After the hullaballoo of the first two weeks of this month, both here and back home, my life here has settled down into a rhythm I find very much to my liking. Life in the Icelandic Community Center at Seestraße 114, as we have come to call it, is quite pleasant - a great deal of baking and music-making, laid-back dinners followed with Icelandic pancakes and ice tea, and the occasional DVD and microwaved popcorn (Bio, of course, like everything in this country...) are the principal activities in our little colony. The "alvöru íslensk pönnukökupanna" - real Icelandic pancake pan - that Hildur's mom sent her has been getting quite a workout.
School has its ups and downs. On less sunny days, the sterile coldness of the academic environment (especially in Potsdam) gets under my skin, but on the whole I think that is more my yellow side speaking than anything else. Being treated like a nuisance, a statistic, or simply a non-entity in most situations does little to defuse the already alienating nature of being a one-semester exchange student without the support of an Erasmus network or any sort of an academic advising system. The language barrier only rarely hinders my comprehension, but I find it requires an almost gargantuan effort for me to find my voice in class. As many of you know what a tendency for verbal diarrhea I have, you can imagine how ironic this turn of events is!
The high points, however, come when I am curled up with a book, or two, or three, in my room in the afternoons and evenings - which is a good deal of the time. It is then that I find myself thinking, "this is how one should study literature!" My days are almost entirely taken up with reading - on the trains, at the breakfast table in the mornings, all afternoon and evening when I get home from class, and at narly every free moment in between. Even though only a two weeks have gone by at Potsdam, and three at Humboldt, I can already feel the web of associations growing, and the reading list for the rest of the quarter should only capitalize on that.
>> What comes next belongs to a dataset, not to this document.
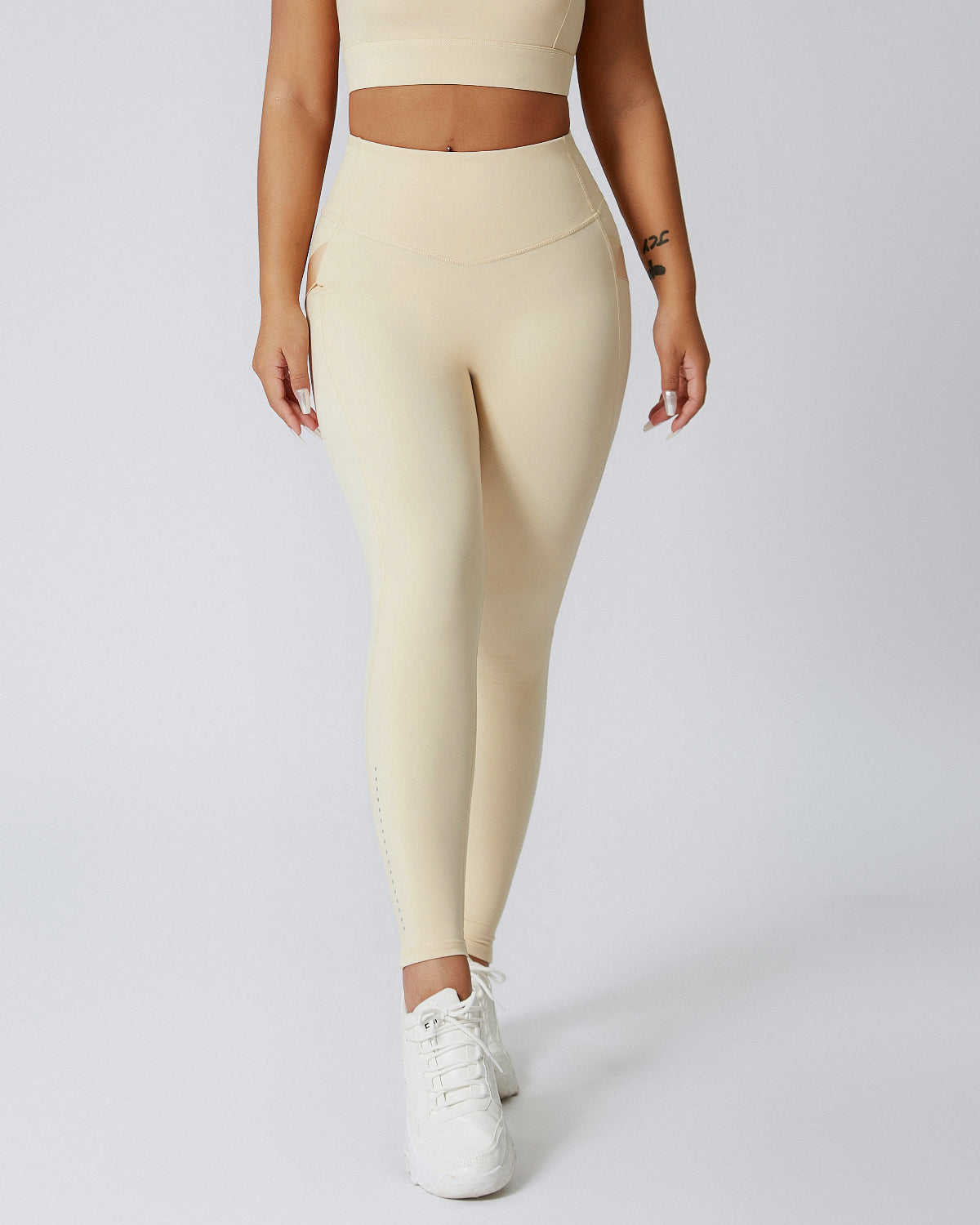 Swoosh Sculpt Performance Leggings | Booty Sculpt | Towel Holder | Hidden Waist Pocket | No Front Seam | Softretch® (Ivory)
I got my library card for the amaaaaazing Staatsbibliothek zu Berlin (Berlin State Library) yesterday. I'm still finding my way around the library system, which consists of three separate locations, a bazillion different reading rooms, and all sorts of regulations governing what you can take in to the main part of the buildings with you - for example, no backpacks or bags, no jackets/overcoats, but a clear plastic bag with the stuff you need to have with you. I decided to do things the old-fashioned way yesterday, went in with just a notebook and a pencil case, and spent five hours copying quotations on Schwanengesang from various books about Schubert by hand. It was so much fun! I also ordered three books online, and have to go get them from the house in Potsdamer Straße today. They're all for my honors research project, and look downright delicious. Can't wait!
In other news,
Prince Polo supplies may soon run out in Iceland...wtf? Also, my heart goes out to the thousands of people who lost their jobs this weekend. After a month and a half of fear, things are now really starting to get bad for a lot of people, and I worry. This is all so darn surreal...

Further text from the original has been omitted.